Take the material below and output exactly the run of lines from the one containing "New Forest, Exmoor" down to the one containing "Am Weststrand", with both included.
====================
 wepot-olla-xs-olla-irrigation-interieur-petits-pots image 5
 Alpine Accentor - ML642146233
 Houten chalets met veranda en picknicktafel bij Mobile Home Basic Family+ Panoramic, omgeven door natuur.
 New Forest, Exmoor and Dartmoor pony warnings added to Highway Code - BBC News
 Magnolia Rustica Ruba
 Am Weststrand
====================
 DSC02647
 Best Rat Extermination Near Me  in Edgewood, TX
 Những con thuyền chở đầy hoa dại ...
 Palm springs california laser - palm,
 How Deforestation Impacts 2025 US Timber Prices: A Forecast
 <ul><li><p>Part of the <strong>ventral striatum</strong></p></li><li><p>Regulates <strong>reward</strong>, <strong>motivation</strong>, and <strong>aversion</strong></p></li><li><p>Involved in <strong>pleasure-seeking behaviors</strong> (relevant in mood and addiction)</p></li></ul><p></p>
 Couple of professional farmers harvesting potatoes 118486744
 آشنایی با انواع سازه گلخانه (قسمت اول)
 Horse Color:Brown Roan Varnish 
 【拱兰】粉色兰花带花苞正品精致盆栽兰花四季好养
====================
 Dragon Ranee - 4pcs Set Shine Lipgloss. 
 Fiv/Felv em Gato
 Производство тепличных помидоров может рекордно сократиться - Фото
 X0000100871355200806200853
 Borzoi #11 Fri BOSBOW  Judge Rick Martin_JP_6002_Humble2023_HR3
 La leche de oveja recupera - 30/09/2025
====================
_RESULT BELOW_.
 New Forest, Exmoor and Dartmoor pony warnings added to Highway Code - BBC News
 Magnolia Rustica Ruba
 Am Weststrand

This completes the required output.